▶ [DIRECTIONS] Where a picture occurs in the data, omit it, and copy all remaining data exactly.

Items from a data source
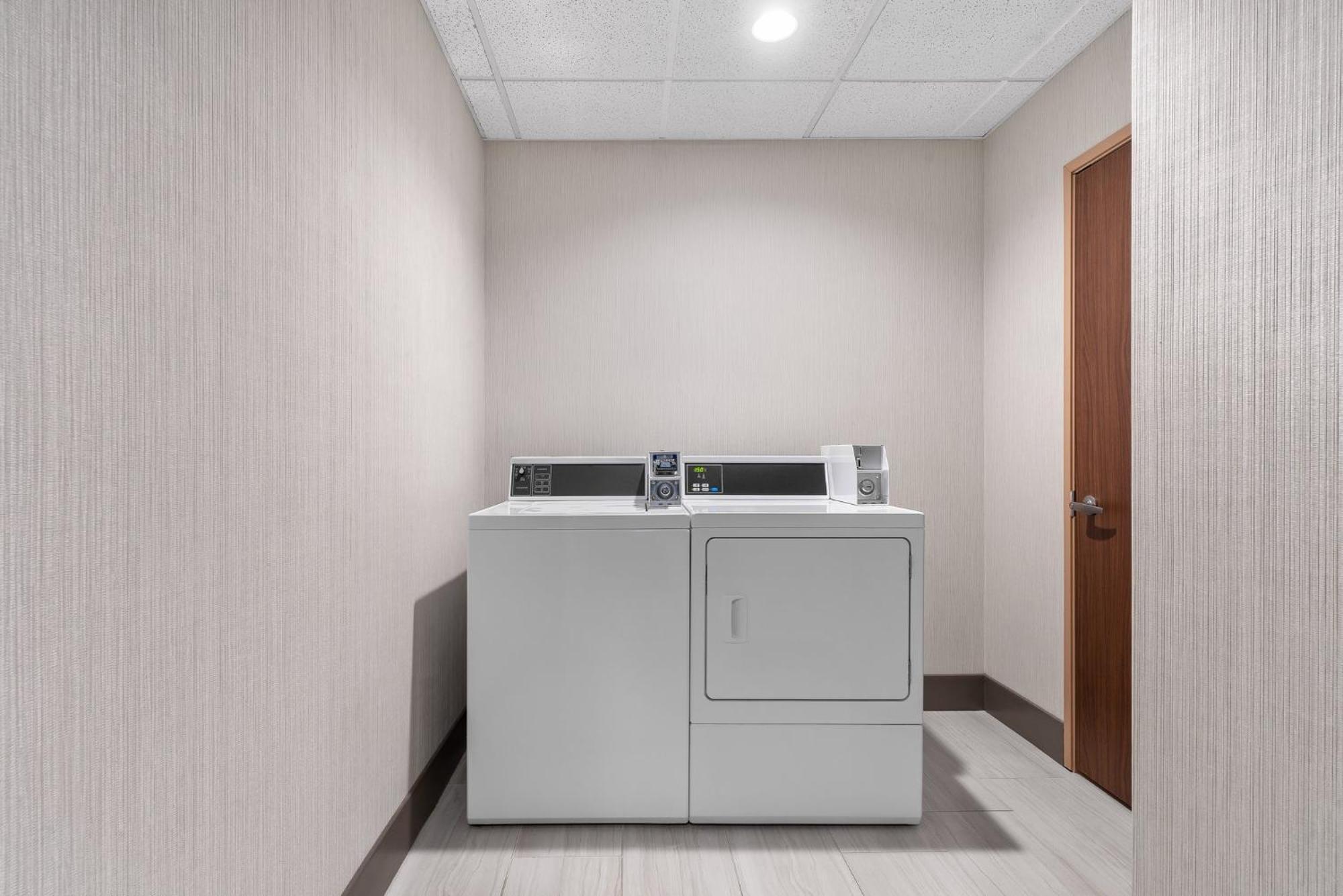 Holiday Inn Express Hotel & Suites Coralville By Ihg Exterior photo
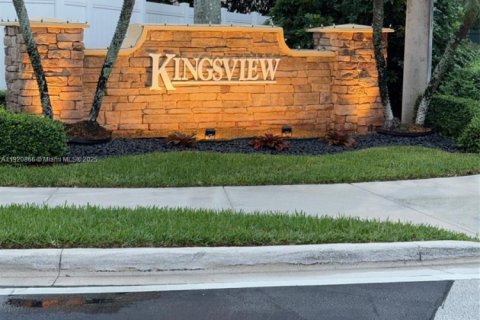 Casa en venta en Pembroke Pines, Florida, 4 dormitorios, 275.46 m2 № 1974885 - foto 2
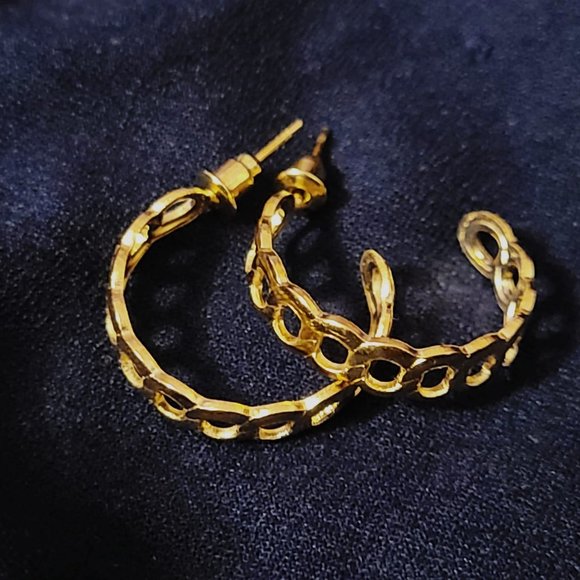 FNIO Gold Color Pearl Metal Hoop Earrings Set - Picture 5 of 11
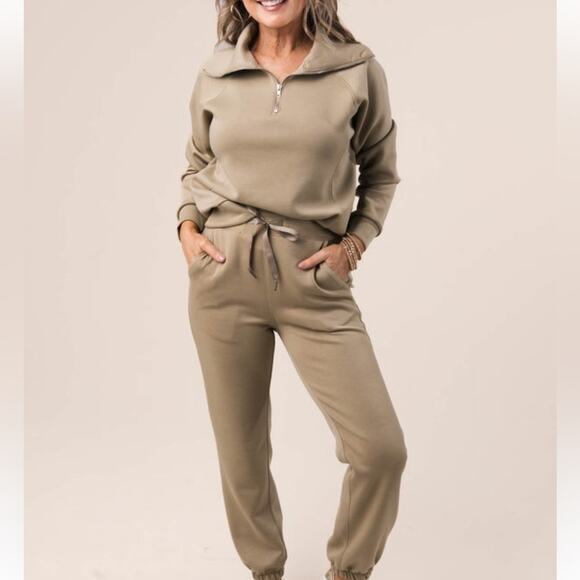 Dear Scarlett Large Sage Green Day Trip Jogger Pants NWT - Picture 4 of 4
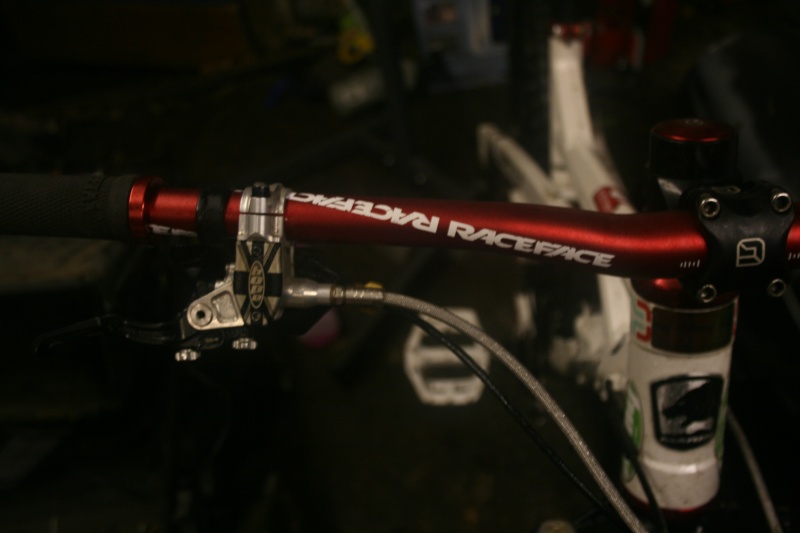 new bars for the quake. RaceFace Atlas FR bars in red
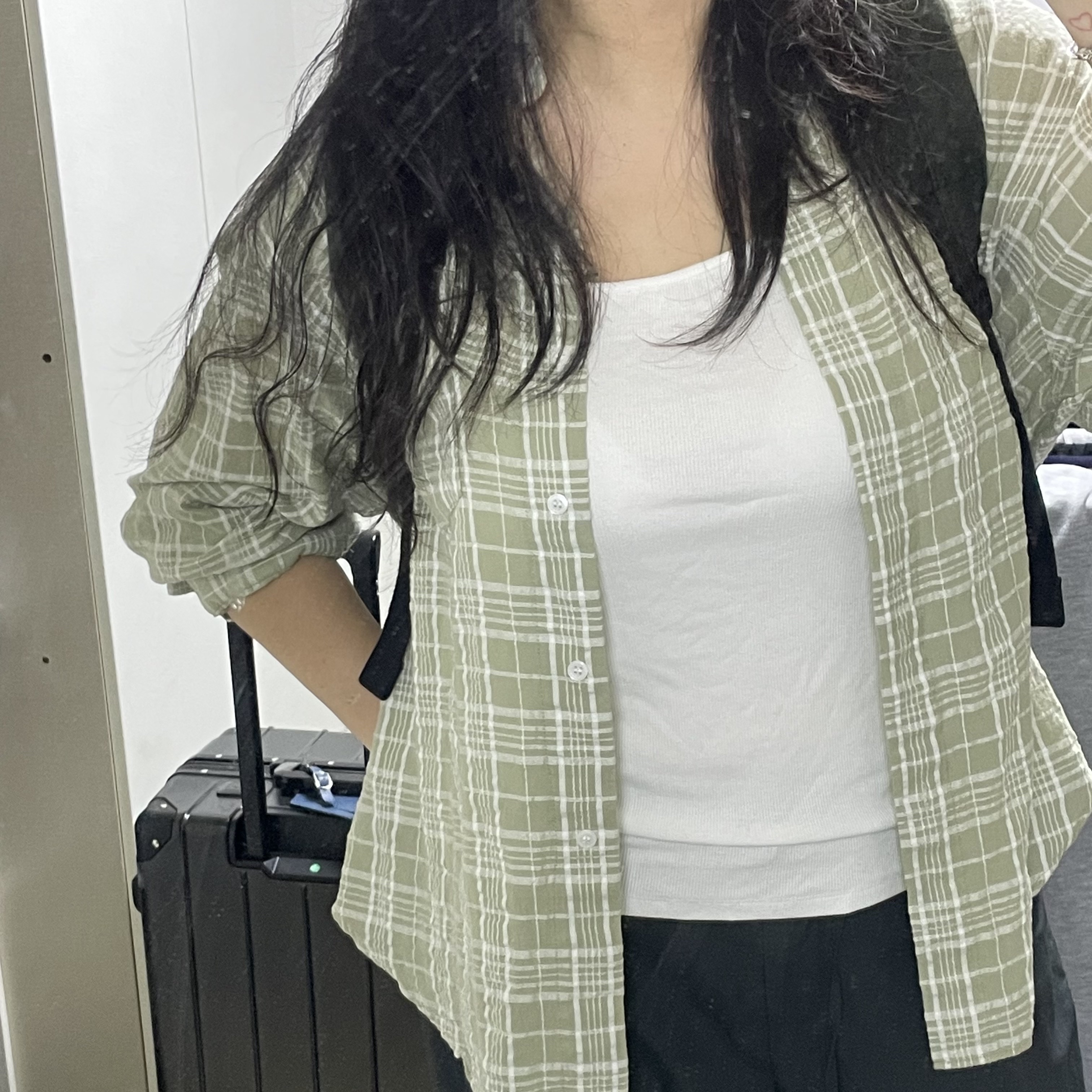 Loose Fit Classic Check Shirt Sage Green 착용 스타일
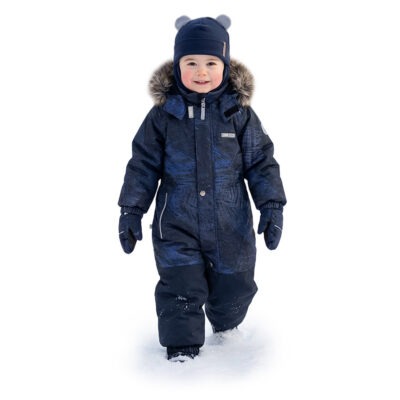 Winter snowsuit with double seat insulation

▶ [REPLY]
 Holiday Inn Express Hotel & Suites Coralville By Ihg Exterior photo
 Casa en venta en Pembroke Pines, Florida, 4 dormitorios, 275.46 m2 № 1974885 - foto 2
 FNIO Gold Color Pearl Metal Hoop Earrings Set - Picture 5 of 11
 Dear Scarlett Large Sage Green Day Trip Jogger Pants NWT - Picture 4 of 4
 new bars for the quake. RaceFace Atlas FR bars in red
 Loose Fit Classic Check Shirt Sage Green 착용 스타일
 Winter snowsuit with double seat insulation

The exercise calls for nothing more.